Everything from the line with "Modern Reversible 2 Piece Comforter Set" down to the line with "COT LEG LOCKER(BLACK)" below must be printed exactly, those two lines included. Exclude pictures.

MATERIAL SHOWN:
══════════
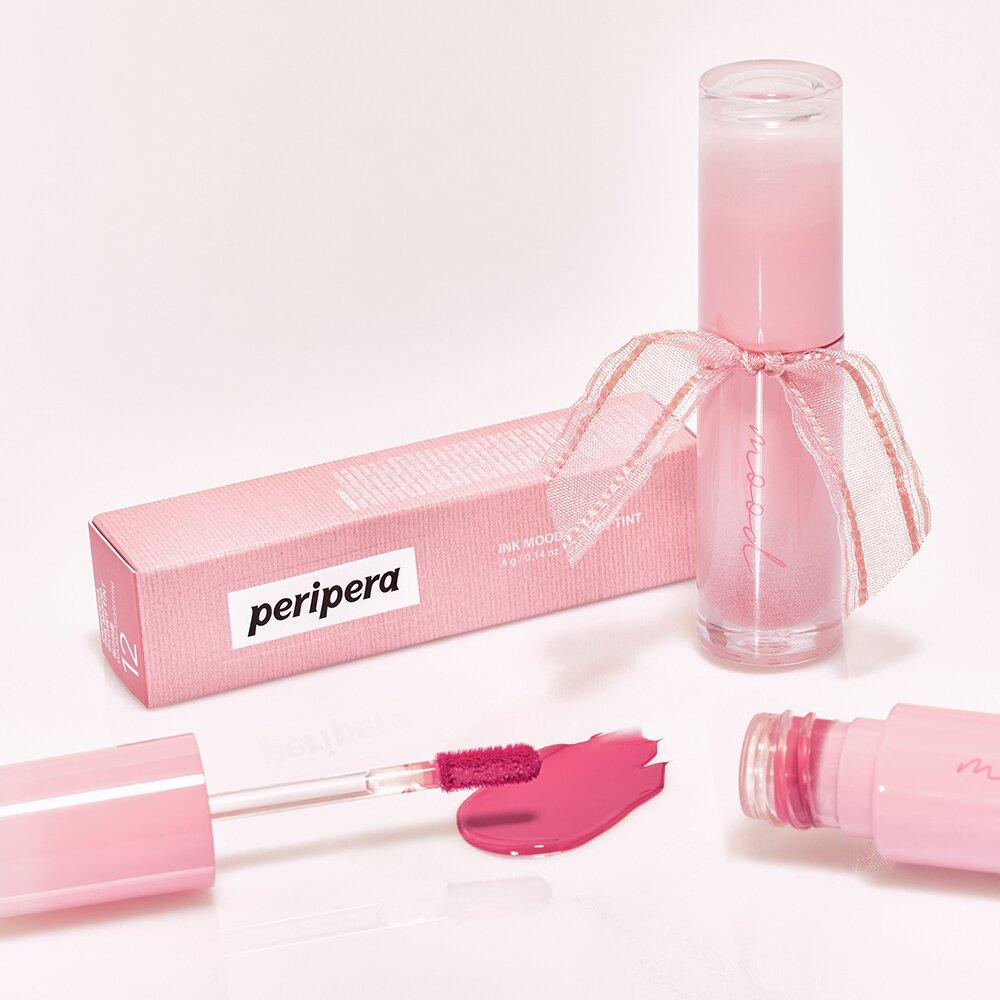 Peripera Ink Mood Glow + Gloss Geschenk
══════════
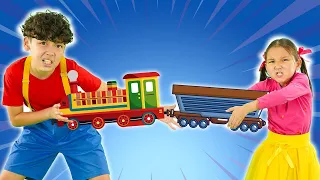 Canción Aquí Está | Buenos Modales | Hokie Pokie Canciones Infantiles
══════════
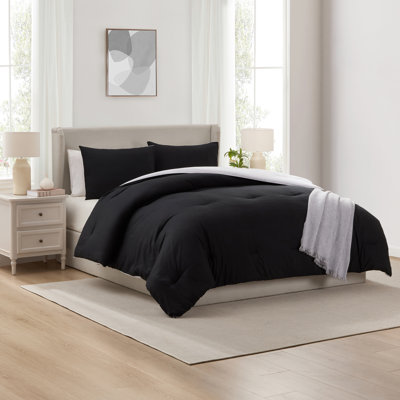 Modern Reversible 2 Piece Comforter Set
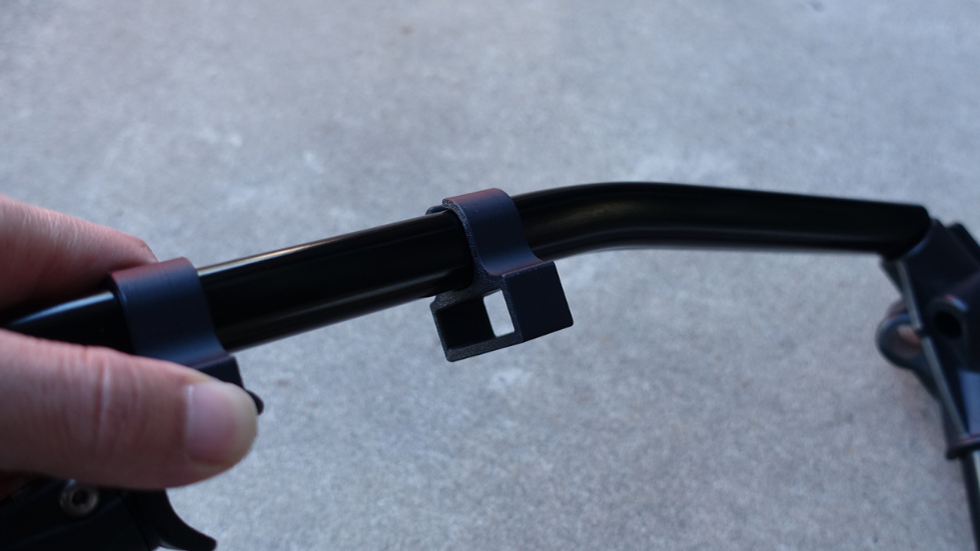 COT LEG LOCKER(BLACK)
══════════
SOLUTION FOR THIS EXERCISE:
 Modern Reversible 2 Piece Comforter Set
 COT LEG LOCKER(BLACK)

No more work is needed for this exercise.